RAW DATA>
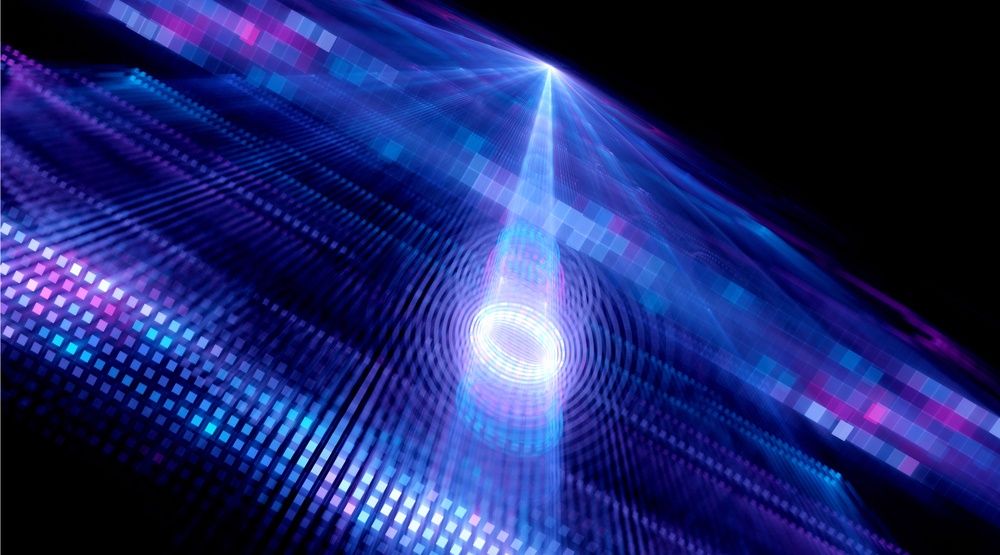 Quantum computing will change the world forever here's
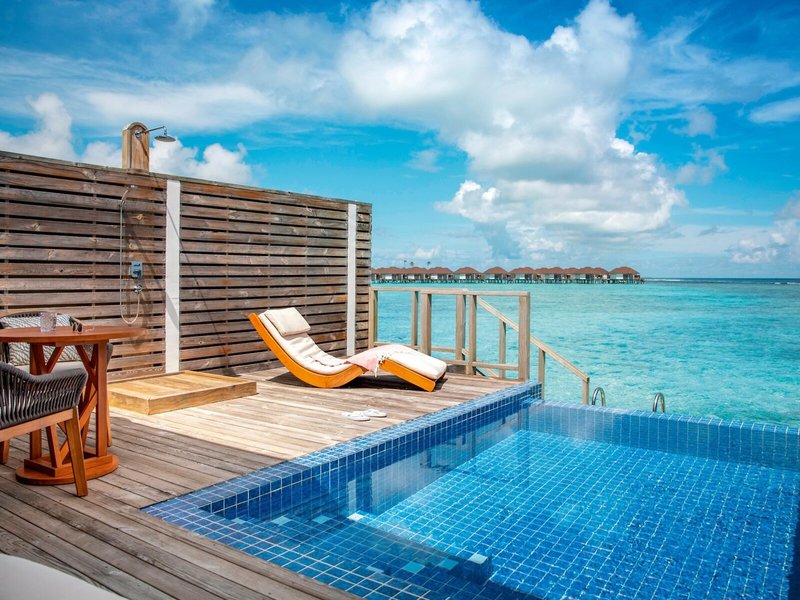 TUI BLUE Olhuveli Romance 29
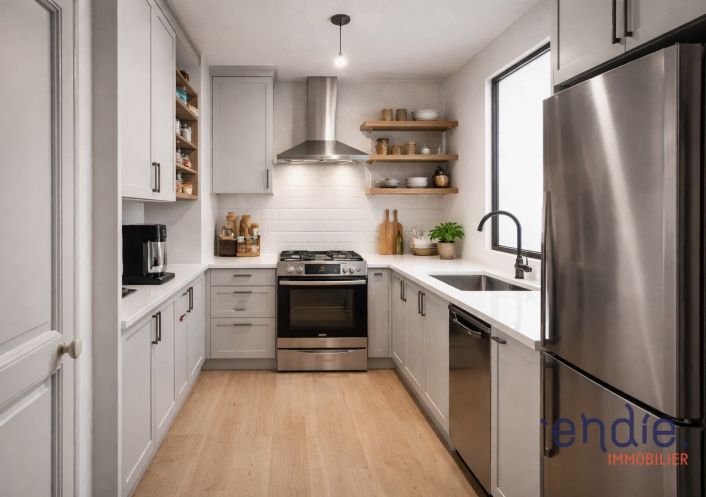 à vendre Maison Beauvais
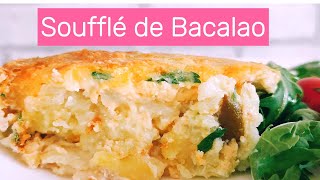 Bacalao muy delicioso [upl. by Mines]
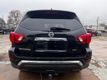 2019 Nissan Pathfinder 4x4 S - 22701824 - 2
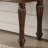 American Retro Multifunctional Console Table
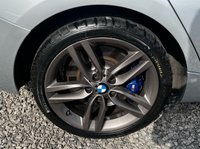 USED 2017 17 BMW 1 SERIES 2.0 120D XDRIVE M SPORT 5d 188 BHP HK SOUND+CAMERA+LEATHER+SATNAV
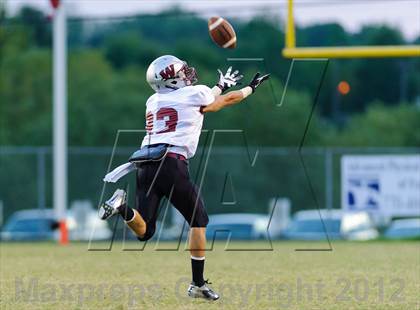 Thumbnail 1 in Whitewater @ Fayette County photogallery.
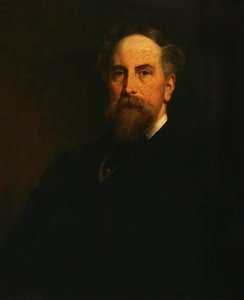 William Mcleish (d.1901) — John Maclaren Barclay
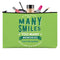 Many Smiles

YOUR GOAL> Please reproduce the lines above from the one containing "TUI BLUE Olhuveli Romance 29" through the final line, exactly and inclusively, leaving out each picture.

TASK RESULT>
 TUI BLUE Olhuveli Romance 29
 à vendre Maison Beauvais
 Bacalao muy delicioso [upl. by Mines]
 2019 Nissan Pathfinder 4x4 S - 22701824 - 2
 American Retro Multifunctional Console Table
 USED 2017 17 BMW 1 SERIES 2.0 120D XDRIVE M SPORT 5d 188 BHP HK SOUND+CAMERA+LEATHER+SATNAV
 Thumbnail 1 in Whitewater @ Fayette County photogallery.
 William Mcleish (d.1901) — John Maclaren Barclay
 Many Smiles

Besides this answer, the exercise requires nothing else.